You can tell that this is a film made by someone who is intimately familiar with art school, which is basically like high school filled with the brainy types. Art school is filled with its own stereotypes, just like high school is filled with its own stereotypes.

It would normally be seen as weakness to put a tertiary plot on top of life in art school and a budding romance, especially adding a strangler that the school seems obliviously unconcerned about. One guy wants to make an (awful) film about this, and the rest simply don't care.

I must admit, each time Max Minghella showed up, I was thinking, is that Wil Wheaton? Well, of course, I knew it wasn't, but it's probably the kind of role he wish he could have gotten before STTNG caused his career to sink. Ultra-thin whiny types don't get cast that much, I suppose.
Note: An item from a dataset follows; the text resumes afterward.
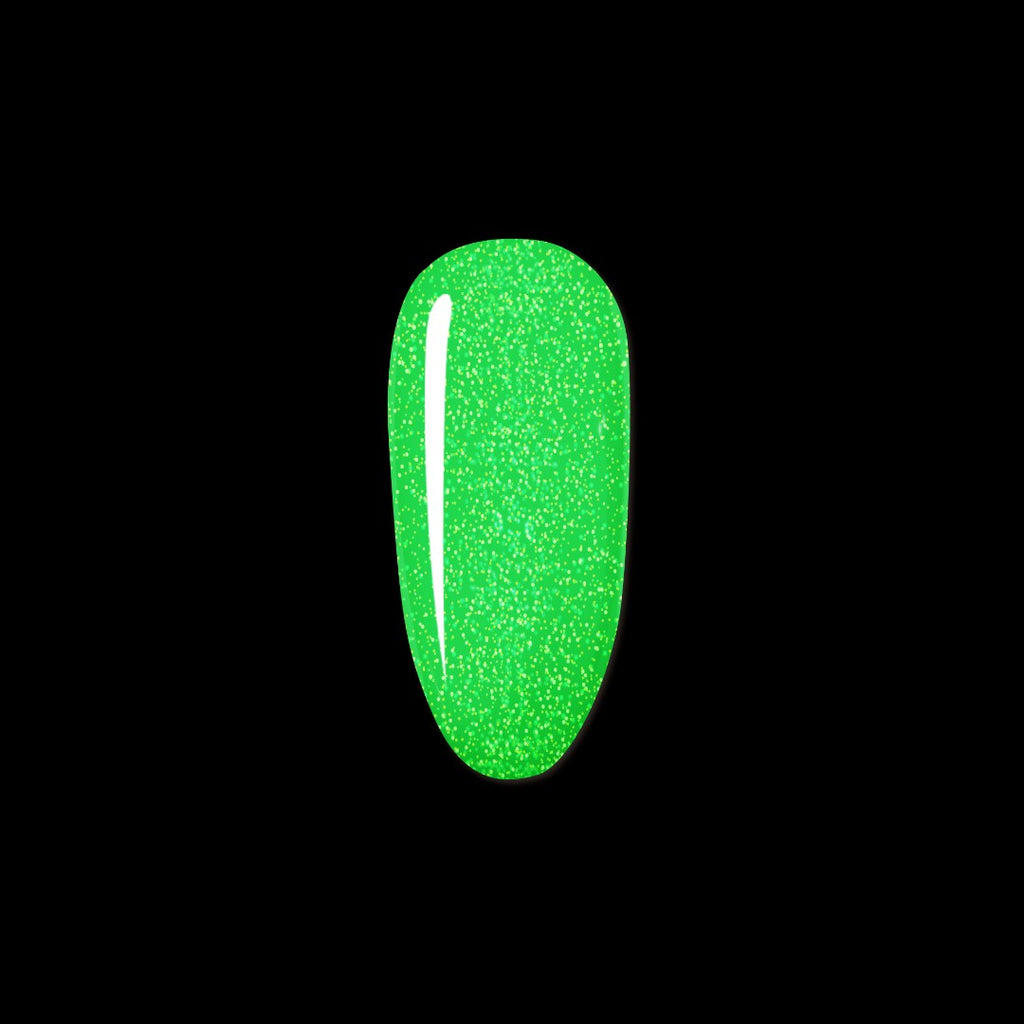 Sizzling Lime by Madam Glam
Clowe's relation with art is very much love-hate. (Clowe is the screenplay writer). He knows art is filled with pretension, that what makes great art seems as much due to what people think is art. Everyone gushes over Jonah's rather childlike art. Jonah's the foil for Jerome. He's the good looking type that seems oddly out of place. Turns out (spoilers) he's an undercover cop. Art, for him, is a liberating experience. His wife has him p-whipped. His colleagues are made out to be Italian cop stereotypes.
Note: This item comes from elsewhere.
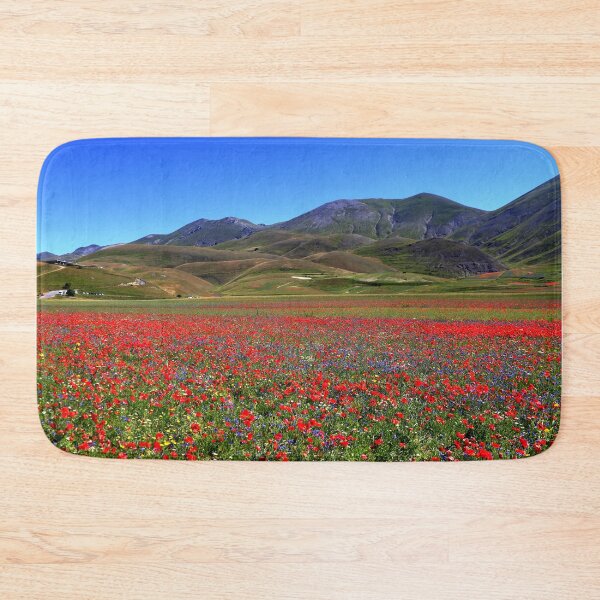 Item preview, Castelluccio di Norcia 2024 designed and sold by annalisa56.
While I liked the film moment to moment, that the plot seemed to reduce to boy chasing after girl, and realizing that fame would win kudos with her, so he takes the paintings of a crazy man (an almost unrecognizable Jim Broadbent doing his best American accent) who apparently is the strangler and uses it as his own to woo the girl. And, in some odd way, it works. He goes to jail and is as popular as ever, and the girl of his dream somehow knows he's gone to great lengths to woo her (even if she knows he didn't do the dastardly deed).

Is the device of a romance and a strangler enough to sustain the story of life in art school? Eh. I think it could have said something more intelligent about art, but then, maybe it's just that. Art isn't always just art. It's about impressing others.

Which isn't that much unlike romance.